Adalet Bakanlığı Müsteşar Yardımcısı iken Ankara Cumhuriyet Başsavcılığı'nı tenzili rütbe gibi görenler olabilir. Ama öyle değil. Yüksel Kocaman, bu görev için özel olarak seçilmiştir.

Bugüne kadar geldiği her görevde başarılı olan Yüksel Kocaman'a yeni görevinde de başarılar diliyoruz. Hayırlı ve uğurlu olsun, Allah utandırmasın.

Bir kemiğe bakar!

Bugünlerde acayip duygular içindeyim.

Kendimi Türkiye gibi hissediyorum.

Bir haber yüzünden savcı büromuzda arama izni talep etti. Hakim karar verdi, polis aradı. Kendimi 17/25 Aralık mağdurları gibi hissettim!
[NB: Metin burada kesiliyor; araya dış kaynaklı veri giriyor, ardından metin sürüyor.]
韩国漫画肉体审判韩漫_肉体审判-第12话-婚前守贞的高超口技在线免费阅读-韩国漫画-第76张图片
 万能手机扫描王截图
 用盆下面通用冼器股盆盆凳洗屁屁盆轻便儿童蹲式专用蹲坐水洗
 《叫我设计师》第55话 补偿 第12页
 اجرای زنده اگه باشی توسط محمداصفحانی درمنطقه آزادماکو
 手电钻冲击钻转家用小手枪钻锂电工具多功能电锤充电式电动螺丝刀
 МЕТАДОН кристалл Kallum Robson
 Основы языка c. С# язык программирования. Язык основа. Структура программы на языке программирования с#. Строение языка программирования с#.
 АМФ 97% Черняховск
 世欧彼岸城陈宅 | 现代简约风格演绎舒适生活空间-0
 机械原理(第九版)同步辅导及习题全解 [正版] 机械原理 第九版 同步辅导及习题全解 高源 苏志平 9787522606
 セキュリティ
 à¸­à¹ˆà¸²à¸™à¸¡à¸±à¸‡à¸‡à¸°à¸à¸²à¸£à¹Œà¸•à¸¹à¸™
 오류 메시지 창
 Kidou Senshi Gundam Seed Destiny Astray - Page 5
Sonra politikacıların ceketinin altına saklanan yüreksizlerin saldırı girişimiyle karşı karşıya kaldım. Kendimi 15 Temmuz darbe girişimine maruz kalan Türkiye gibi hissettim. Güzel ülkem, Türkiyem de saldırı altında!

Gerçi Türkiye'nin düşmanlarının çoğu Güney'de!

Bize yapılan saldırılar Kuzey'den geliyor, her ne hikmetse!

Türkiye; DAEŞ, PKK, DHKP-C gibi örgütler, CIA, MOSSAD, El Muhaberatı, Alman, Fransız, İngiltere istihbarat birimleriyle mücadele ediyor.

Bizim mücadele ettiklerimize bakar mısınız?

Hazine işgalcileri, kaçak kömürcüler, tefeciler, nitelikli dolandırıcılar, atama-tayin işlerinden avanta alanlar, siyasi etiketleriyle rant yaratanlar, çıkarcı medyacılar!

Olsun "düşman" düşmandır. Seçme şansımız var nasıl olsa!

Biz düşmanımızı kendimiz seçeriz! Tanımadığımız kişiyi düşman bellemeyiz!

Görüyorsunuz değil mi? Bizimle baş edemeyen zavallılar, nasıl da güç birliği yaptılar. Ama bunların birliği, aralarına bir kemik atıncaya kadar... Bir bakmışsınız, kavgaya tutuşmuşlar! Birbirlerini ısırıyorlar.

Bunlar sürü halinde hareket gediyorlar! Yüksekten uçuyorlar! Kargalar gibi!

Biz ise, yalnız kaldık kartallar gibi!

Kul sıkışmayınca Hızır yetişmez!

"Kul sıkışmayınca Hızır yetişmez" çok eski ve anlamlı bir sözdür.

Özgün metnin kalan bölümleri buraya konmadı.